En l’espèce, la qualité de non-conducteur de Désiré, qui avait quitté les commandes de son véhicule au moment de l’accident, ne fait pas de doute. Il pourra donc bénéficier du statut des victimes privilégiées.
En droit, l’article 3 (al. 1er et 3) énonce ainsi leur régime : seule la faute inexcusable de la victime non-conductrice qui est la cause exclusive de l’accident est exonératoire. La faute inexcusable se définit comme « la faute volontaire d’une exceptionnelle gravité exposant sans raison valable son auteur à un danger dont il aurait dû avoir conscience » (Civ. 2e, 6 nov. 1996, n° 95-12.428)
Est également prévu un régime spécifique au profit des victimes dites « super-privilégiées » : aucune faute de la victime non-conductrice âgée de moins de seize ans ou de plus de soixante-dix ans ou présentant, quel que soit leur âge, au moment de l’accident, un taux d’incapacité permanente ou d’invalidité au moins égal à 80% n’est exonératoire ; cependant, le droit à réparation est exclu si la victime a volontairement recherché le dommage (ex: démarche suicidaire).

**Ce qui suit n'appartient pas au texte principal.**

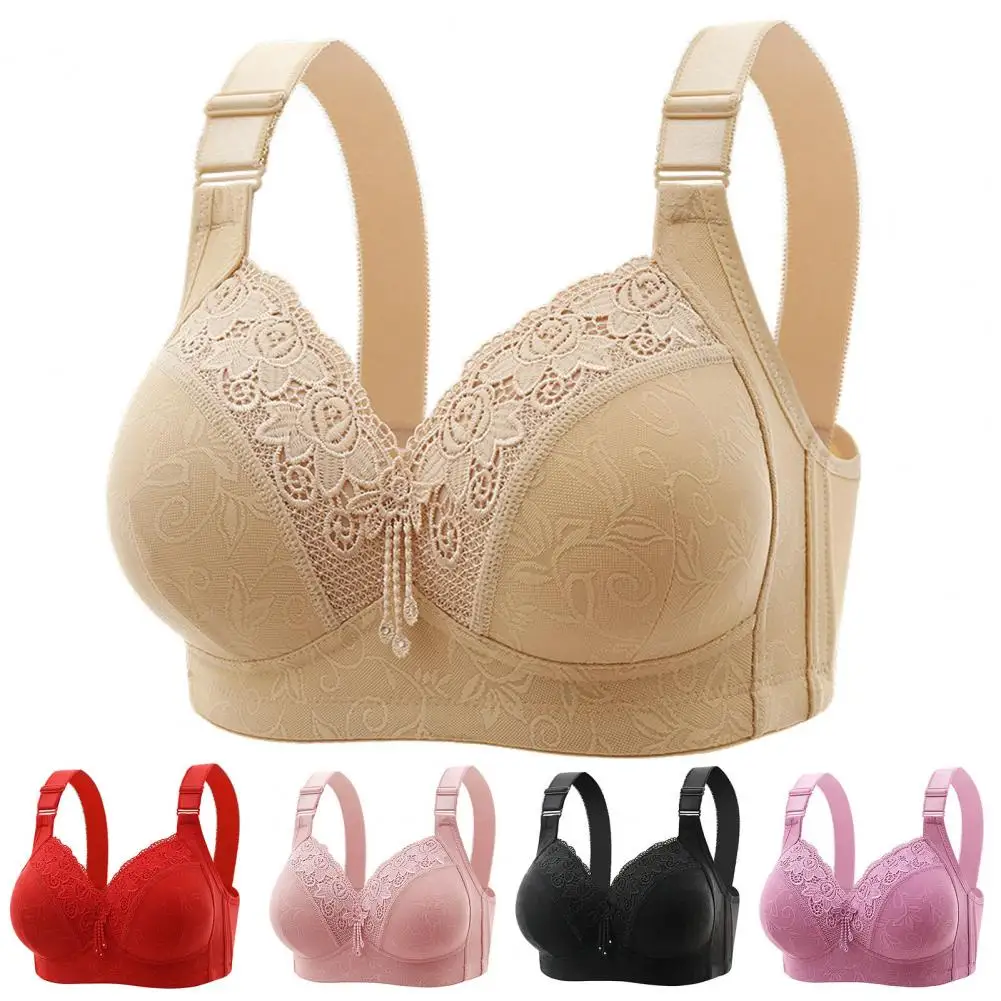 Sexy Women Padded Wireless Large Size Bra B/C Cup Push-Up Bra Thin Section Four Rows of Buckle Lace Stitching Brassiere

En l’espèce, Désiré n’a ni moins de 16 ni plus de 70 ans, et n’est pas davantage concerné par une incapacité ou une invalidité ; il ne reste donc « qu’» une victime privilégiée.
Il n’a en toute hypothèse commis aucune faute majeure, peut-être éventuellement une faute d’imprudence, en tout cas aucune faute pouvant être considérée comme inexcusable.
En conclusion, il n’y a pas de cause d’exonération opposable à Désiré pour la réparation de son dommage corporel.